### SUPPLIED INFORMATION

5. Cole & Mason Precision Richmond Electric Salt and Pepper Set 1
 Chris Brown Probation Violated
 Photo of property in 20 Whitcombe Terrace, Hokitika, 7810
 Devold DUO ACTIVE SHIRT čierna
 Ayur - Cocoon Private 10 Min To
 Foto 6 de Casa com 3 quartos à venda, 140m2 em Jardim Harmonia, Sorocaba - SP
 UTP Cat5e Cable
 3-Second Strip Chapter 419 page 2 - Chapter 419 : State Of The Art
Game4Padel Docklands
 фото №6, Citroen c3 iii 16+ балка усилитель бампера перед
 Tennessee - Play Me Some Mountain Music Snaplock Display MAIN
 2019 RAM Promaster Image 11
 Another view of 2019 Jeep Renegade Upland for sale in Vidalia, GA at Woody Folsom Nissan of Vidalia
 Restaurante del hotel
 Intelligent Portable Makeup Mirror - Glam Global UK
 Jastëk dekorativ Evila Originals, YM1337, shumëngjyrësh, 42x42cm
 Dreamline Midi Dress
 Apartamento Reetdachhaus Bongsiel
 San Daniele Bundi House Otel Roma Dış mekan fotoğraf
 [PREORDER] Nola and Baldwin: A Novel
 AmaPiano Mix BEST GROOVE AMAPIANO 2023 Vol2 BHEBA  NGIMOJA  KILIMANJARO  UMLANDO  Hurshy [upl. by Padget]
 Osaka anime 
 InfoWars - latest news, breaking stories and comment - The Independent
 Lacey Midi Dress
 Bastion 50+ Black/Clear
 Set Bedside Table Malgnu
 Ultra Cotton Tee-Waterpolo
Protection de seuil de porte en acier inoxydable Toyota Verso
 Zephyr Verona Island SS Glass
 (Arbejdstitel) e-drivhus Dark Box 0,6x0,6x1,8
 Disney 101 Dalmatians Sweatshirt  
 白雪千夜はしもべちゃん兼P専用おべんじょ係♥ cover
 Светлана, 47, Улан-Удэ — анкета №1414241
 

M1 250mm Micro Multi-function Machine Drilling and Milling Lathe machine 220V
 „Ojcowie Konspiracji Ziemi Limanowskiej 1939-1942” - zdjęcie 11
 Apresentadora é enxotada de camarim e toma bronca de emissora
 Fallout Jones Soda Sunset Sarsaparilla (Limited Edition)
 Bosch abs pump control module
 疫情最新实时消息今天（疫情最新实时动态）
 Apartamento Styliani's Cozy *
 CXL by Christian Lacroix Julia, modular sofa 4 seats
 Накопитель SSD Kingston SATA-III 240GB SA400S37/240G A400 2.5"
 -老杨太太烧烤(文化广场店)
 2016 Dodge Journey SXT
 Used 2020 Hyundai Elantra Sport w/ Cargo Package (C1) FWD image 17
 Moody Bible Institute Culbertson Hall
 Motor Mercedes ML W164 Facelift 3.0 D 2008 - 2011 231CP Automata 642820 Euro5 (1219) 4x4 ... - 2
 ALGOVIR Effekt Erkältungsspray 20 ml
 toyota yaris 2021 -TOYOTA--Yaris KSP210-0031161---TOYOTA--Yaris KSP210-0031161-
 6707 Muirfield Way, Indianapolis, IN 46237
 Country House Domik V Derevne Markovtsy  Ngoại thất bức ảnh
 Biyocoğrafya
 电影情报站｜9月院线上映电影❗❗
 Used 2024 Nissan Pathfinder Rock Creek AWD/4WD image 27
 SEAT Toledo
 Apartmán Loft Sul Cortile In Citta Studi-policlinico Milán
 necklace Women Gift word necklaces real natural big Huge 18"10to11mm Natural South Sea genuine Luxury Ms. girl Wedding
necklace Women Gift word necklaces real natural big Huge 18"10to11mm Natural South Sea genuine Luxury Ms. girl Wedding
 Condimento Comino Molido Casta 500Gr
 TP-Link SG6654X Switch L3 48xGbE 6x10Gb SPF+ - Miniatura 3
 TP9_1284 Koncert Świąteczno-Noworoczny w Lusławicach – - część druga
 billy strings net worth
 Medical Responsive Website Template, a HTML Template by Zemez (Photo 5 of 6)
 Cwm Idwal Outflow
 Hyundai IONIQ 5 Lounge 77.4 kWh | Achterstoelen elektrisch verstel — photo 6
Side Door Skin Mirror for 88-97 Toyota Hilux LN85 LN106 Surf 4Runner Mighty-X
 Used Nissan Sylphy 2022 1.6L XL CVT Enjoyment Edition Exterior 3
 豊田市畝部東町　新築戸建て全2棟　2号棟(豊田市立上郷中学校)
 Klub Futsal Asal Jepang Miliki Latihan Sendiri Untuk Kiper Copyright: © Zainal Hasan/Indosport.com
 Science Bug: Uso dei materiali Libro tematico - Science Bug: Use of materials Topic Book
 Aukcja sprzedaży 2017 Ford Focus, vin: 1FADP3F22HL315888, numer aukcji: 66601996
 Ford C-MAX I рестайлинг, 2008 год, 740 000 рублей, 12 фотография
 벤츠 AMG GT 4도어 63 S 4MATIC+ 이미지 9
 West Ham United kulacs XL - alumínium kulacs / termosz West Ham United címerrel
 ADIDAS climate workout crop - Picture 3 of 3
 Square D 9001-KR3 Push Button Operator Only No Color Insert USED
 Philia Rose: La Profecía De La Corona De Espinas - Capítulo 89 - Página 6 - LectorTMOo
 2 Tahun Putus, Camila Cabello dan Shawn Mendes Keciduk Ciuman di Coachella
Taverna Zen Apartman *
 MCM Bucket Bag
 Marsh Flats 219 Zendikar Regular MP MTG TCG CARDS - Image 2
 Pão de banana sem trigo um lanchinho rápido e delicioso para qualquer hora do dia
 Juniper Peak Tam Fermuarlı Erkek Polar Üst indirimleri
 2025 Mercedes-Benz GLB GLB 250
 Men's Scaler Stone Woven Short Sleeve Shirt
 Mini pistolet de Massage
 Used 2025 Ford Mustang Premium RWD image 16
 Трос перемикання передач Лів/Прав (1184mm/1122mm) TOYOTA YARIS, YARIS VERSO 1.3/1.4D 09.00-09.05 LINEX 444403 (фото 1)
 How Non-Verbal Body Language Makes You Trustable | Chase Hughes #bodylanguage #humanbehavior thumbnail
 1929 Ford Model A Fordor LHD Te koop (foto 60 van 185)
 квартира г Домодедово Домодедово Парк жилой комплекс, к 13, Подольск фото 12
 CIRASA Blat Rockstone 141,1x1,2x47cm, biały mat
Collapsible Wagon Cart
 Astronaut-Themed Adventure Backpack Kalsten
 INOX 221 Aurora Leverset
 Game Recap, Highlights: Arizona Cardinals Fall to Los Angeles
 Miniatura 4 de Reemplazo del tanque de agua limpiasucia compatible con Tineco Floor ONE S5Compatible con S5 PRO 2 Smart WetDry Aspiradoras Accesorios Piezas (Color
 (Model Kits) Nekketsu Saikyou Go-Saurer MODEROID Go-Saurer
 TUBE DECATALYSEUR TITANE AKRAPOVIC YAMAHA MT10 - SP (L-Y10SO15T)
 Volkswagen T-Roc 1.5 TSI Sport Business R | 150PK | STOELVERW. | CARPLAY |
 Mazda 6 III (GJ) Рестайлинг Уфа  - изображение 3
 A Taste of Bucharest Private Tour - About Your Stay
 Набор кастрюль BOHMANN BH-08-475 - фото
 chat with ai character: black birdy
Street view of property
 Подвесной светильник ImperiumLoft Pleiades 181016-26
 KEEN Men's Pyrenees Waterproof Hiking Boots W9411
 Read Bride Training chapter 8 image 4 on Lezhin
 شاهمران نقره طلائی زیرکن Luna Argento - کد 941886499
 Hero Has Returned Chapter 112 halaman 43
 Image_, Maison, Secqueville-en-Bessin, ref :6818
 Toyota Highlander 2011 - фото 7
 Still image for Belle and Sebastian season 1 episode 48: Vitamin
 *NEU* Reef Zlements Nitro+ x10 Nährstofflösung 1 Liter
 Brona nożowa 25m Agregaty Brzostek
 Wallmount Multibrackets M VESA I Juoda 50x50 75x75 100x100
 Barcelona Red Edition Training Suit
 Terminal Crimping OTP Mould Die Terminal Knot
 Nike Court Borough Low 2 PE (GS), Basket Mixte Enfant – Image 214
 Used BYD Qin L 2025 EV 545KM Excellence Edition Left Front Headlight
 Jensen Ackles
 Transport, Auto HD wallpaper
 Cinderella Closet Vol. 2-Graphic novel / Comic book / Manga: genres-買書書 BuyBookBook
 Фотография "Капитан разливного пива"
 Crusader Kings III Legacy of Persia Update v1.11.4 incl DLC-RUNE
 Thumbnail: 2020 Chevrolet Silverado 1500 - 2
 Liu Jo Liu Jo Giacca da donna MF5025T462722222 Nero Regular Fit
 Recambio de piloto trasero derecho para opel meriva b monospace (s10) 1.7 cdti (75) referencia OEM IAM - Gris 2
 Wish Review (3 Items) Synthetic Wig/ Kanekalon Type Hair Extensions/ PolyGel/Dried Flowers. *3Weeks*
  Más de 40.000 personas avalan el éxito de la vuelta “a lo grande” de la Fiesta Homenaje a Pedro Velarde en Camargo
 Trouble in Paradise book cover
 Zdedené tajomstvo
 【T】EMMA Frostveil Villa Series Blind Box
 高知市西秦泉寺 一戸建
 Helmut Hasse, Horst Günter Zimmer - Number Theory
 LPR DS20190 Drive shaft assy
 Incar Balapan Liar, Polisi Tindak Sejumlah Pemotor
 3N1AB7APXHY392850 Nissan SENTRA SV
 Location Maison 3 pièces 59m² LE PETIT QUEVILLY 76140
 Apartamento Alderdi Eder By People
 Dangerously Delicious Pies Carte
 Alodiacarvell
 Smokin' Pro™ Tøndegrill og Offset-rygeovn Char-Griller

### PROBLEM DETAILS
Copy exactly the lines running from the one that holds "Helmut Hasse, Horst" to the last line of the listing above. Include both of those lines.

### SOLUTION BELOW
 Helmut Hasse, Horst Günter Zimmer - Number Theory
 LPR DS20190 Drive shaft assy
 Incar Balapan Liar, Polisi Tindak Sejumlah Pemotor
 3N1AB7APXHY392850 Nissan SENTRA SV
 Location Maison 3 pièces 59m² LE PETIT QUEVILLY 76140
 Apartamento Alderdi Eder By People
 Dangerously Delicious Pies Carte
 Alodiacarvell
 Smokin' Pro™ Tøndegrill og Offset-rygeovn Char-Griller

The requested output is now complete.